Maria Arminda Bragança, vice-presidente da Federação Nacional de Educação

[1] Portugal é um dos países da União Europeia que menor oferta de línguas estrangeiras tem no currículo, sendo o inglês essencial no primeiro ciclo. Nos últimos anos houve nenhuma política concertada do ensino das línguas estrangeiras, o que naturalmente se projeta nos maus resultados que os alunos portugueses revelaram no estudo internacional ESLC. Em circunstância alguma se devem fazer cortes cegos na educação.

[2] Têm razão para dizer que o ano letivo começou da pior maneira, pois não foram garantidas a serenidade e a estabilidade a que todos as nossas crianças e jovens têm direito no primeiro dia de aulas.

Nota editorial: Maria Arminda Bragança foi professora durante 38 anos e Presidente da Associação Portuguesa dos Professores de Inglês entre 1990 e 1998. É atualmente vice-presidente da Federação Nacional de Educação e substitui Luís Rebelo, ex-Conselheiro Nacional de Educação, a quem agradecemos o contributo que nos prestou desde a fundação do Barómetro.

Marques dos Santos, reitor da Universidade do Porto

[1] É essencial que os portugueses dominem o inglês como segunda língua pelo que a aprendizagem deve começar tão cedo quanto possível, particularmente em tempos de crise.

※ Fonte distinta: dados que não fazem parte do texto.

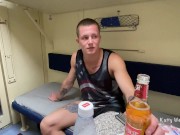 Милая девушка с вокзала оказалась соседкой в поезде и мы трахнули её вдвоем 2/16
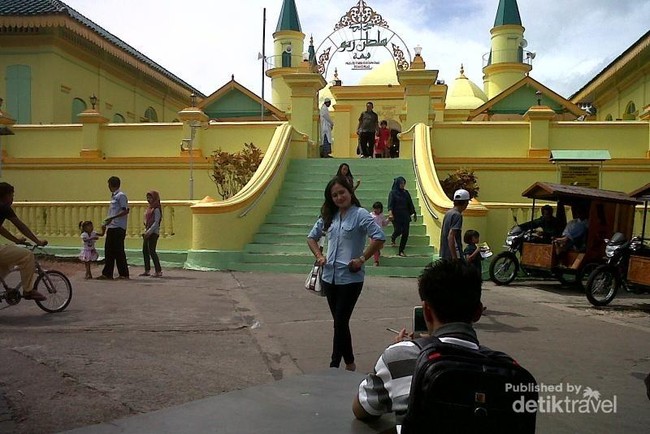 Ada Masjid dari Putih Telur di Pulau Penyengat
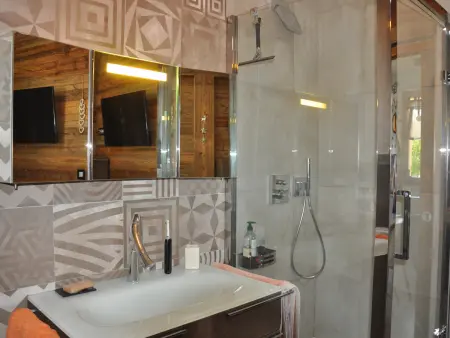 Appartement rénové 2 chambres, centre station, 300m des pistes, 6 pers, WiFi - Photo 7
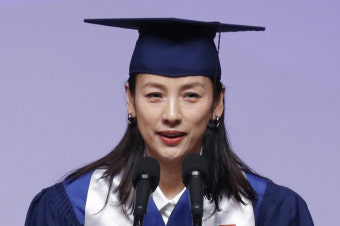 이효리, '짠한동생' 정호철 결혼식 축가 부른다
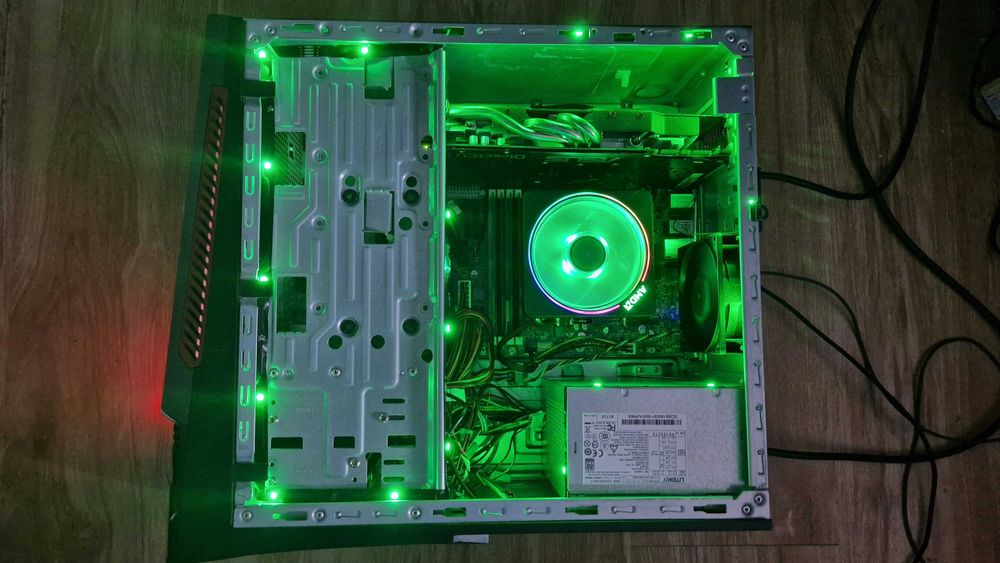 PC GAMING AMD Ryzen5/RGB/16GB DDR4/SSD 480GB/WiFi+BT/W11 700lei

[2] Já nos habituámos, infelizmente, a que o arranque dos anos letivos dos ensinos básico e secundário seja problemático, qualquer que seja a cor do governo. O importante não é classificar a intensidade do problema, mas trabalhar, desde já, de modo articulado, para garantir que no futuro tal não volte a ocorrer.

Rui Reis, investigador e professor catedrático da Universidade do Minho

[1] O inglês é essencial no 1º ciclo, sendo cada vez mais importante na vida profissional e social num Mundo cada vez mais global. A facilidade de aprender línguas do povo Português pode ser aproveitada como uma grande vantagem competitiva, tal como tem sido o caso em outros Países Europeus. Se queremos um País mais internacionalizado, com maior aposta no conhecimento, mais competitivo e mais exportador, não há outro caminho.

[2] Parece-me claramente que sim, têm razão.

Rui Teixeira, presidente do Instituto Politécnico de Viana

[1] Diz-se que o ministro das finanças de Churchill o informou da intenção de reduzir brutalmente o orçamento da educação para fazer face à guerra. Ele terá perguntado: 'E então para que vamos fazer a guerra?' Se a escola é o sítio onde nos preparamos para o que nos une e para o que nos liberta, como vamos fazê-lo sem o inglês?

[1] Foi mau. Mas foi mau porque o rumo da Educação é, agora, dirigido por cortes orientados por uns improvisos (ideológicos) suportados nuns "bitaites".